U.S. Defense Secretary Jim Mattis confirmed that President Donald Trump has agreed with military leaders on a new strategy for Afghanistan after "rigorous" debate, but he declined to provide details.
Mattis, speaking on August 20 to reporters during a trip to Jordan, said that “everyone who had equity was heard," including budget officials responsible for funding any possible changes.
"I'm very comfortable that the strategic process was sufficiently rigorous, and did not go in with a preset condition in terms of what questions could be asked and what decisions could be made," he said.
“The president has made a decision. As he said, he wants to be the one to announce it to the American people.”
His comments came hours after the White House announced that Trump will make a major address to the nation on August 21 to explain "the path forward for America's engagement in Afghanistan and South Asia."
The statement said Trump will make the speech at the Fort Myer military base near Washington and it will be televised at 9 p.m. local time.
The options being considered by U.S. leaders range from pulling out of the country totally to increasing U.S. efforts to defeat the Taliban militant group that is battling the Afghan government.
Some speculation has centered on the possibility of substituting paid contractors for U.S. service personnel to battle the Taliban, although most officials have dismissed that option.
Trump met on August 18 with his national security team at the Camp David presidential retreat to discuss the conflict in Afghanistan.
A White House statement following the meeting said Trump had been briefed on "a new strategy" but that no decisions had been made.

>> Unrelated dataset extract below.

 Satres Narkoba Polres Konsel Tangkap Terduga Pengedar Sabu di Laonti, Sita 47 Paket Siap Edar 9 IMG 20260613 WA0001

"The president is studying and considering his options and will make an announcement to the American people, to our allies and partners, and to the world at the appropriate time," press secretary Sarah Sanders said.

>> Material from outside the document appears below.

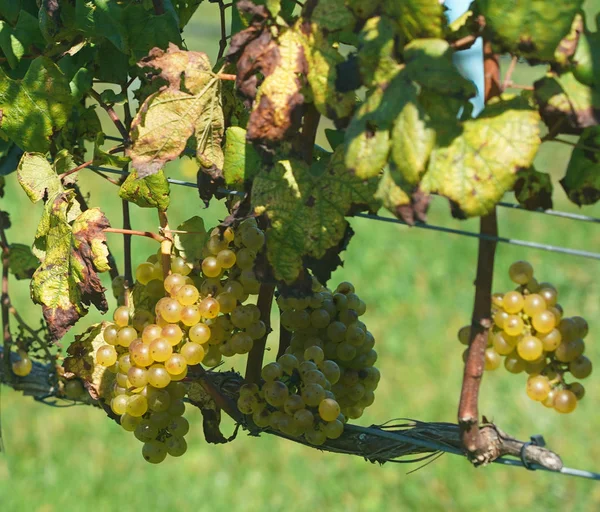 Ripe Wine Grapes Vine — Stock Photo, Image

General John Nicholson, the top U.S. Army commander in Afghanistan, speaking before the White House announcement, signaled his belief in a long-term U.S. commitment during a ceremony to inaugurate a new Afghan special operations unit.

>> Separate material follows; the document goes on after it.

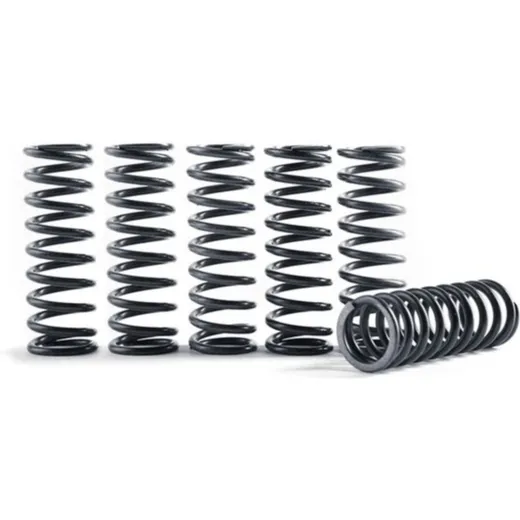 HINSON CLUTCH KIT SPRING FOR HONDA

"I assure you we are with you in this fight. We are with you and we will stay with you," he said at Camp Morehead, a training site for Afghan commandos southeast of Kabul.
There are about 8,400 U.S. troops in Afghanistan and some 5,000 troops from other NATO member and partner countries.
A senior administration official told Reuters news agency that the likeliest outcome was that Trump would agree to a modest increase in U.S. troops as recommended by his top advisers.
Media reports have indicated that the U.S. military has requested 3,000 to 5,000 additional troops.
A top U.S. military officer in Kabul told the Associated Press that increasing the number of troops would allow the U.S. military to send additional advisers or provide air support to two battlefields simultaneously. Currently, the official said, they can only do so for one operation at a time.
Colonel Abdul Mahfuz, an Afghan intelligence agency official, said a withdrawal of U.S. forces "would be a total failure."
U.S.-backed forces have been in Afghanistan since invading following the September 11, 2001, terror attacks in the United States carried out by Al-Qaeda militants, whose leaders were being harbored by the Taliban-led government.
The coalition drove the Taliban from power, but the militant group has been resurgent in recent years and controls large portions of the country.